Distinguished Panelists, Ladies and Gentlemen,
I am very pleased to be participating to this session on the future of work and skills for the 4th Industrial Revolution, together with distinguished representatives from the Government of India. This is a timely opportunity to shed light on how to prepare the workforce of the future, and ensure that no one is left behind by doing so.
Providing decent and productive work to disadvantaged groups is a significant global and national challenge everywhere. The global youth unemployment rate is expected to be over 13% this year, with 71 million young individuals unemployed. Women, especially young females, are disproportionately affected by a lack of enriching employment opportunities. Globally, the participation of young women in the workforce in 2016 was around 16% lower than that of young men.
The challenge of sustainable employment will be more complex to address in the coming years, especially for young women, especially for young people and especially given the changes in our productive requirements. Undersecretary just mentioned the increasing automation and robotics that will have many occupations in labor intensive sectors become at risk. But the truth is new opportunities will also come up. New types of jobs are emerging. The World Economic Forum has said that 65% of kids who are today at a primary school will be employed in the future in jobs that today do not exist yet or have not been created. The idea that we will inherit our the jobs of our parents is long past. Skill and labor demand across industries is changing rapidly. These trends also have diverse effects on people with different skill levels. On one hand, the demand for highly skilled workers and employees is rising. On the other, workers with lower skill levels are becoming increasingly vulnerable to losing their jobs, or rather, their jobs are prone to disappearing.
Which raises two critical questions – what could be done to ensure that the global workforce has the necessary skill to drive the 4th Industrial Revolution, and how can disadvantaged people be integrated to the market through the development of their skills? The answer to both lies in new perspectives to plan for an inclusive and competitive workforce. Strengthening private sector involvement in the design and delivery of such skills is of course of essence. The private sector, as the engine of growth, is best positioned to provide the capacity, knowledge, and expertise to reflect the labor market demands in trainings that they will be employed in the future. In the end, private sector employs 90% of the workforce in developing countries.

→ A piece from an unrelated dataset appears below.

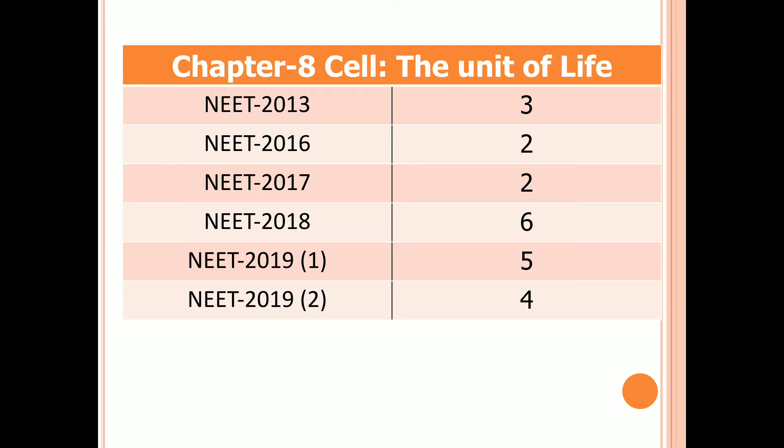Chapter 8: Cell — The Unit of Life. Three questions in 2013, two questions in 2016 and 2017, six questions in 2018, five questions in the first examination of 2019, and four questions in the second examination of 2019.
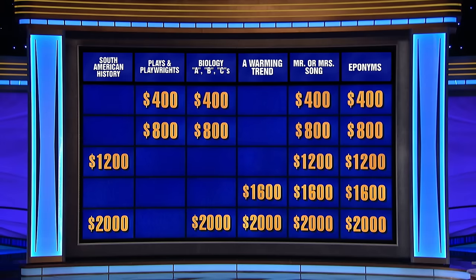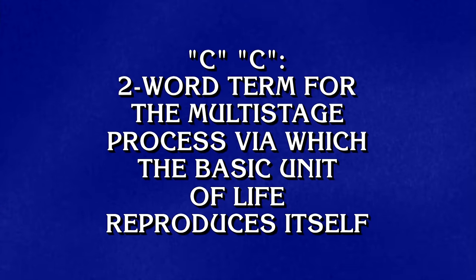Biology 2000. CC: two-word term for the multi-stage process via which the basic unit of life reproduces itself. Victoria: What's the cell cycle? Correct.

Let me briefly refer to our own work, UNDP’s Istanbul Private Sector Center has developed research series called How the Private Sector Develops Skills, highlighting several ways in which the private sector can contribute to effective skills training, based on the experience in Turkey and India. Companies can support demand-driven trainings by sharing their human resource needs and labor market experience with training providers. Aligning education and training frameworks with the labor market demand, especially from the planning stage onwards, reduces the risk of mismatches.
Countries are thus recognizing the importance of multi-stakeholder partnerships on skills training. Again, the time has passed when the education system was providing the skills without much collaboration or consideration for the needs of the private sector. More than 12 million people enter the workforce of India each year, yet many do not have the skills required for gainful employment. The Government of India has set a target to skill 400 million people by 2022. The private sector will be training more than a third of this number. A comprehensive skills ecosystem has been established in the country, which builds on the close collaboration between public, private and civil society stakeholders. The esteemed panelists in this session and speakers in the following parallel roundtable discussions will share their insights and experience regarding this ecosystem.
Lastly, in my remarks I would like to emphasize that engagement of companies in skills delivery is not a panacea for employment. The capacities and resources of all stakeholders are needed and trainings should resonate with economic and industrial policies. In the end, skills per se do not guarantee job creation although the opposite is true, not having skills guarantees that you will not be employed in the labor market of the future.
In conclusion, I would like to reiterate that the focus of skills development is not just short-term or low quality employment. It is indeed true that the private sector needs a skilled workforce for productivity and competitiveness. But it also important to realize that skills development is a pathway towards enriched choices for all, towards empowered and fulfilling lives and certainly towards poverty eradication. For individuals, skills are an enduring asset, which they can tap and nurture to overcome exclusion in society.
Let me end by thanking our distinguished participants from India for joining us here today, to share their knowledge and vast expertise in this area. We are willing and ready to work with all partners to unlock the potential of skills needed for achieving the 2030 Agenda.
Thank you very much for your attention.